I’m pretty sure that IFS does not apply to quoted strings since word splitting happens before the quote removal (see Shell Expansion).

$ ( files=$(ls); IFS=$'\n' ; for x in $files; do echo $x; done ) file a.txt file b.txt plainfile.txt $ ( files=$(ls); IFS=$'\n' ; for x in "$files"; do echo $x; done ) file a.txt file b.txt plainfile.txt
Shell Expansions (Bash Reference Manual)

Shell Expansions (Bash Reference Manual)

I didn’t realize that. Thanks for pointing that out!

for loops

Your code executes ls and records the results in a variable. The result is some text, a string of characters. (We call them “strings” and i is now a string variable.) Among the characters in a string variable might be spaces, tabs, or new line characters. I mention this because the special variable IFS is used by for loops, and it contains exactly one space, tab, and new line by default.

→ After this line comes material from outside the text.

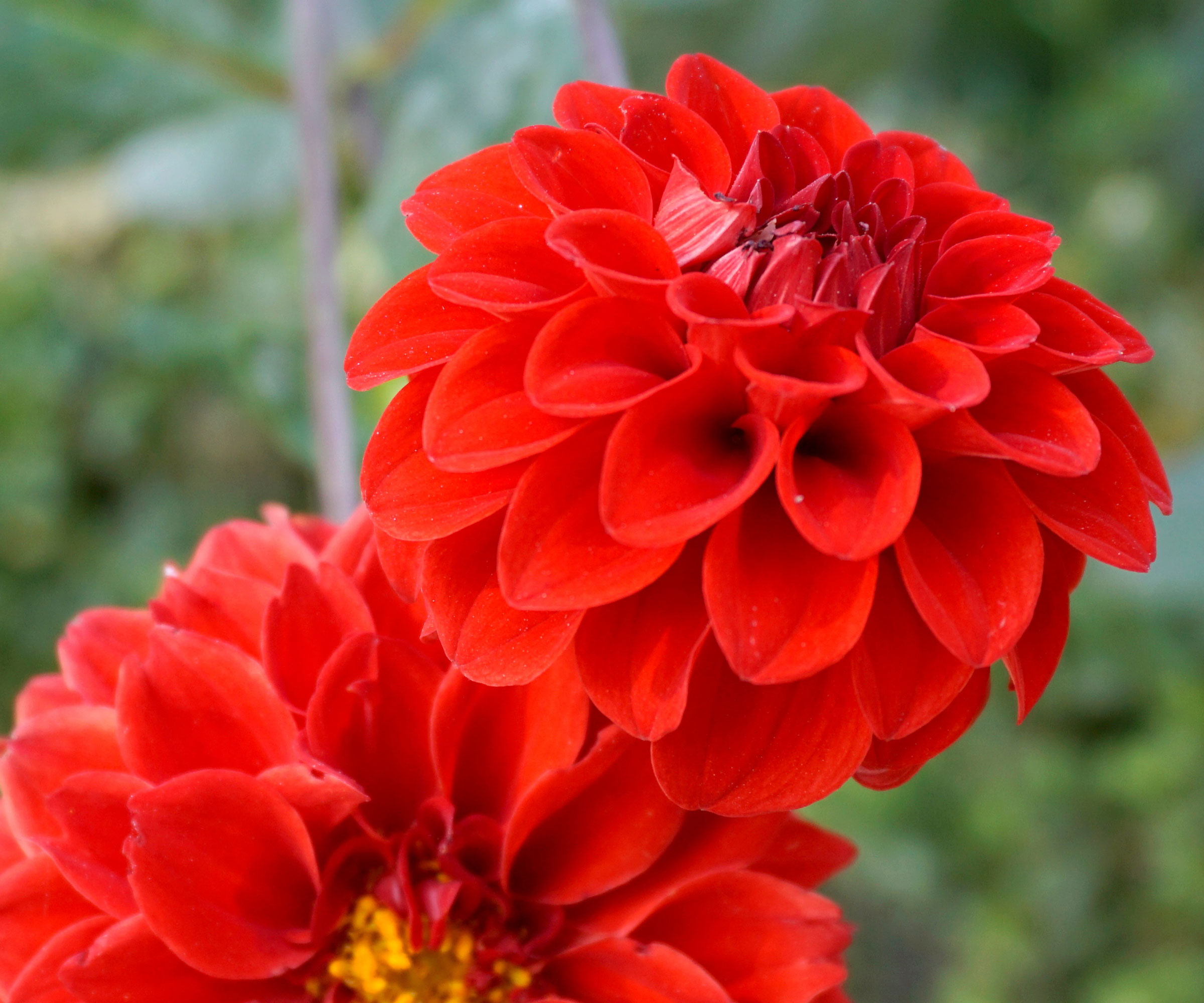dahlia Melody Mambo flowers in bloom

When you call for with a string as the input, it splits the string into units by splitting on each character in IFS. That is, it splits the big string into individual parts by splitting at each space, tab and new line. So this creates an array which is what is looped over. Each word in turn is assigned to your looping variable and then the code after the do is executed once per word.

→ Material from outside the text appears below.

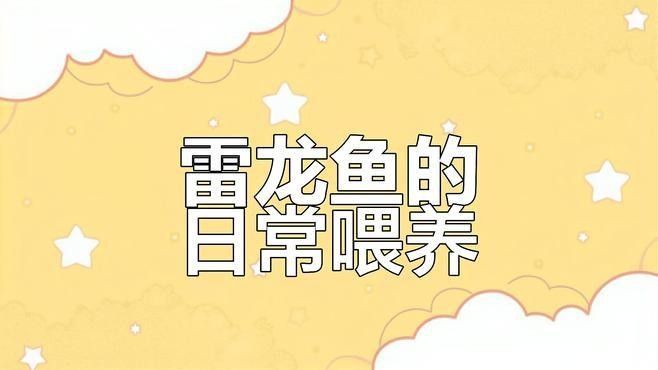 藍(lán)鉆雷龍魚的食物有哪些（養(yǎng)寵物雷龍魚喂食全攻略）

(“word” has a sort of a special meaning here. When I say word, I mostly just mean a string that has no spaces in it. When you read text in English, there are words. They’re strings of characters separated by spaces. But words can also be separated by tabs, new lines, commas, semicolons, or whatever, but not by default when using for! You have to modify IFS to add those characters if you want them to be considered word separators.)

So, if any of the file system entries returned by ls have spaces in them, your loop is going to create more outputs than there are file system entries in the current directory.

For example:

file one.txt file two.txt my photo.jpg notes (final).md a b c d.txt

That would cause like 12 loops and 12 outputs in your code despite there only being five files.

If you instead overwrite IFS before running your loop, and only assign a single new line to the variable, then your loop will only be over the actual lines of the input text. Like this:

IFS=$‘\n’

and then use your exact code above. Using my example of five files, this code will now only produce 5 outputs, not 12.

You can assign whatever characters you want to IFS.

(I have not tested any of this code, or examples.)

Variable names

The loop variable name i is just an identifier. Any valid variable name would work except you can’t use the reserved names like $1, $2 or any keywords as names. Also, there’s no way to escape an identifier. They are just literal names.

You also don’t want to use any built-in variable names or else you’ll overwrite their values for the duration of the current session. Variable names like IFS, for instance, which is a special variable that determines how for loops split text.

See here:

Since IFS contains a space, your loop will output one line for each word in the input. So you might get more lines than there are file sytem entries returned by ls (if any have spaces in the names). Read the link to learn more.

The Meaning of IFS in Bash Scripting | Baeldung on Linux

Learn how to use the Internal Field Separator shell variable in Bash.

Baeldung on Linux
This about the IFS variable was eye opening! Thank you SO much! This is exactly what I was trying to understand, namely, how on earth the for-loop is smart enough to understand how to count when I haven’t specified a numerical interval (as I do in for instance C when I practice that). This just solved it all. Thanks! Now I understand why my code gave me excessive outputs when I changed ls into ls -l. The IFS variable made the for-loop count every single blank space!!! :D
For maximum pedantry, it may be worth mentioning that filenames in typical Linux file systems can contain newline characters.